Dass sich Berlin und der Bund den Forderungen anschließen wird, ist andererseits nicht zu erwarten – im Gegenteil. Berlins Wirtschaftssenatorin Cornelia Yzer (CDU) sagte: „Die Entscheidung, den Flughafen zu bauen, hatte eine Basis. Und ich verlange, dass die Gesellschafter zu der Vereinbarung stehen.“ Grundvoraussetzung für den Flughafen sei, dass er auch Drehkreuzfunktionen wahrnehmen könne, was mit einer weiteren Einschränkung der Flugzeiten nicht gehe. „Ich halte die Diskussion für eine Belastung und den falschen Weg.“ Und Burkard Kieker, Geschäftsführer der Tourismusfördergesellschaft Visit Berlin und Ex-Flughafensprecher, sagte, er sei relativ gelassen, was die Positionierung Brandenburgs angehe. „Wir können uns auf das Paderborner Niveau herabbegeben, aber das wird Berlin und Brandenburg nicht erfolgreich machen“, sagte Kieker.
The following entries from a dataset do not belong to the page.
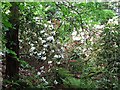 Rhododendrons, Gargunnock House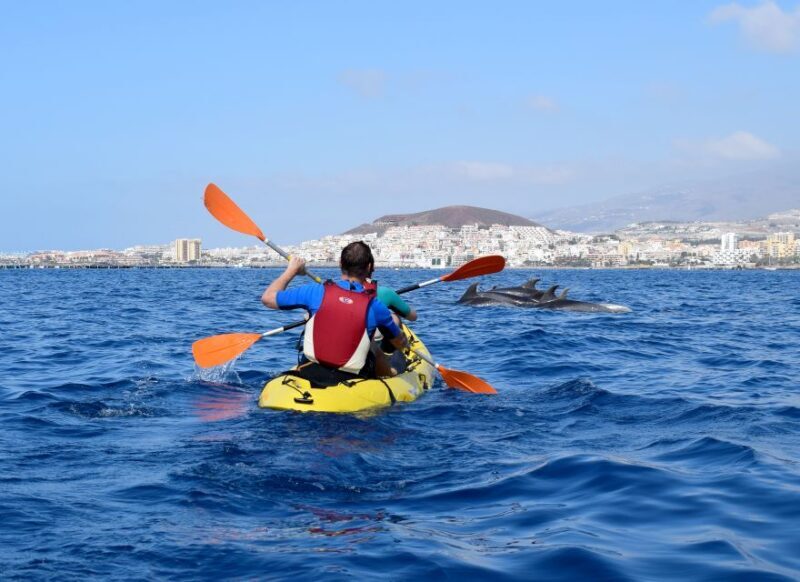 Tenerife: Kayak and Snorkel with Turtles with Free Videos - Who Is This Tour Best For?
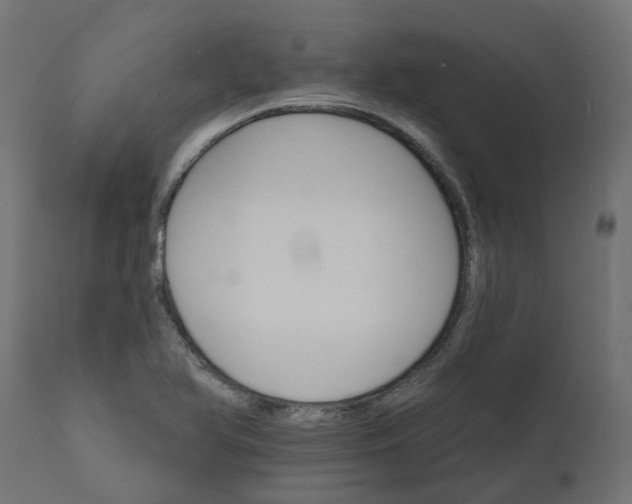 X0000111521366200907281328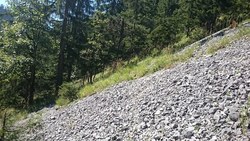 Bild_1; 295607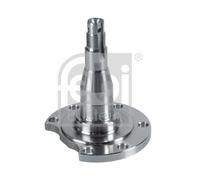 FEBI BILSTEIN Muñón de eje, cuerpo del eje para AUDI: A4, 100, Cabriolet, A6, Coupé, 80 & VOLKSWAGEN: Caddy & SEAT: Inca (Ref: 29656)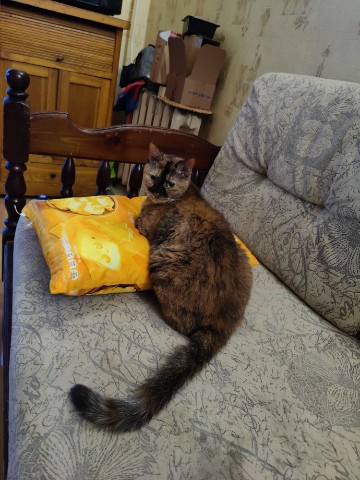 Мария в LOOKY. #CatLovers,#CatsOfInstagram,#InstaCat,#CatWorld,#KittyLove,#CatSmile,#FurryFriends,#CatSnuggles,#Purrfect,#PlayfulCat,#CatPhotography,#CatPortrait,#CatGram,#PawsAndWhiskers,#CatEyes,#CatNap,#CatLife,#DailyCat,#CatWindow,#BoxCat,#ArtWithCats,#CatArt,#BlackCatMagic,#GingerCat,#FluffyCat. Мой размерчик! #CatL...
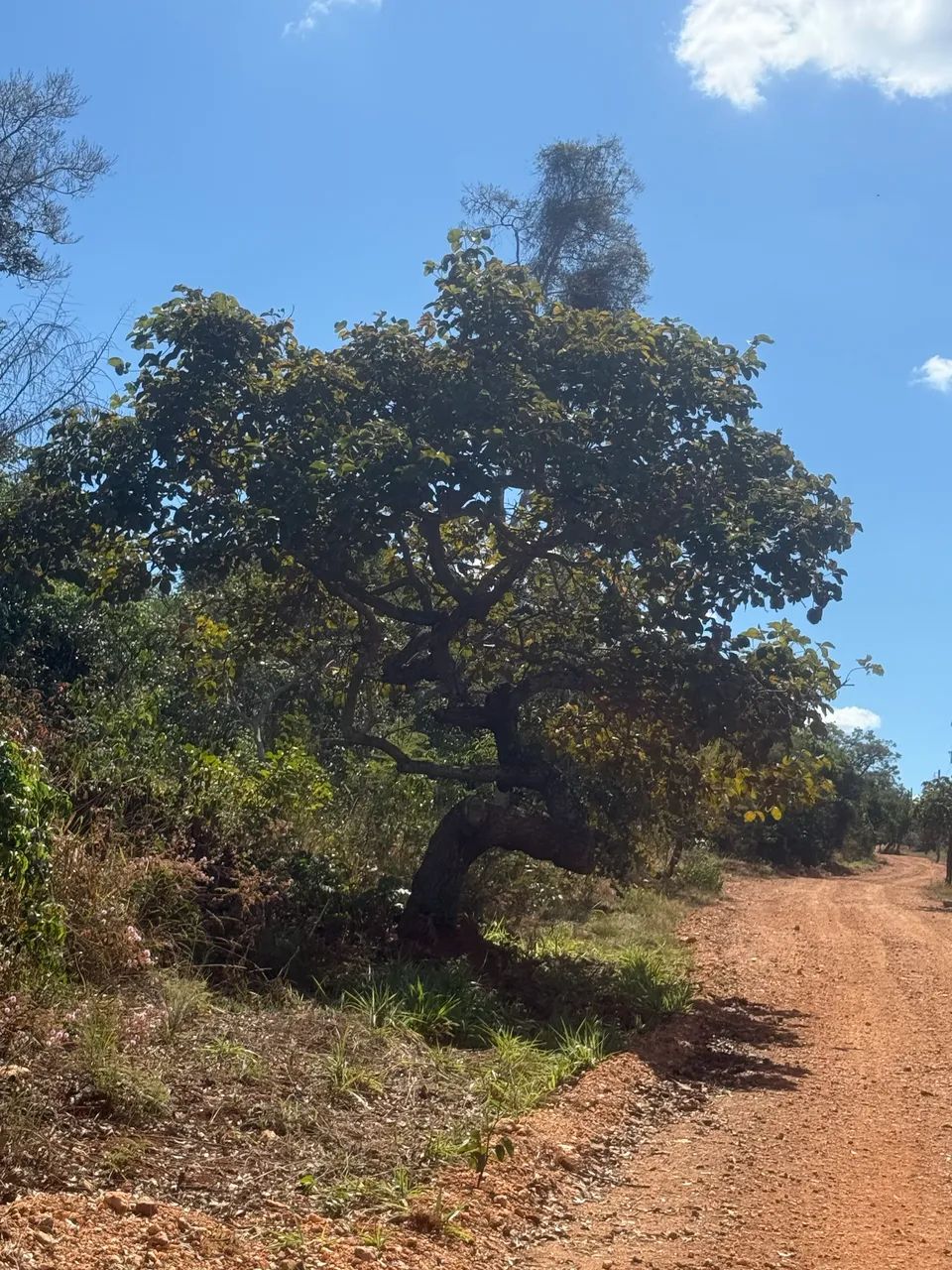 Oportunidade na Serra do Cipó!  - Foto 4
Vorgeworfen wird Platzeck aber auch, dass er seine Funktion als Aufsichtsratschef missachtet habe. Im Bundesverkehrsministerium wollte das zwar keiner so äußern. Unmut im Bund gibt es sehr wohl. So wirft FDP-Generalsekretär und Verkehrsexperte Patrick Döring Platzeck vor, seine Amtspflichten zu verletzen. „Matthias Platzeck ist als Aufsichtsratschef dem Wohl des Unternehmens verpflichtet und mit seiner Kehrtwende in Sachen Nachtflugverbot schadet er ihm.“ Was Platzeck wolle, habe „ erheblich negative Auswirkungen auf die Ertragsperspektive und die betriebliche Leistungsfähigkeit des neuen Flughafens“ Döring wertet das Verhalten Platzecks als Vertrauensbruch gegenüber den anderen Gesellschaftern, der kaum zu akzeptieren sei. Es werde nun noch schwieriger, sagte Döring, einen neuen Geschäftsführer für den BER zu finden, weil solche Aktionen das Vertrauen erschütterten. „Wie kann ein neuer Geschäftsführer noch gegen diese weitreichenden Nachtflugregelungen sein, wenn der Vorsitzende des Aufsichtsrates dafür ist? Es bleibt ein Trauerspiel, weil nur parteipolitisches Kalkül im Vordergrund steht und nicht das Gelingen des Unternehmens.“

Und auch Dirk Fischer, verkehrspolitischer Sprecher der Unionsfraktion im Bundestag, sagte: „Herr Platzeck muss sich langsam entscheiden, ob er ein brandenburgischer Dorfgraf sein will, oder einen international wettbewerbsfähigen Hauptstadtflughafen aufbauen will.“ Fischer hält Platzecks Vorstellungen für „völlig inakzeptabel“, weil diese Nachtregelungen weit über die auf anderen deutschen Flughäfen hinaus gingen. Diese hätte massive wirtschaftliche Schäden zur Folge, und zwar nicht nur für die Flughafengesellschaft, sondern auch für die Ladenbesitzer und Gastronomiebetriebe.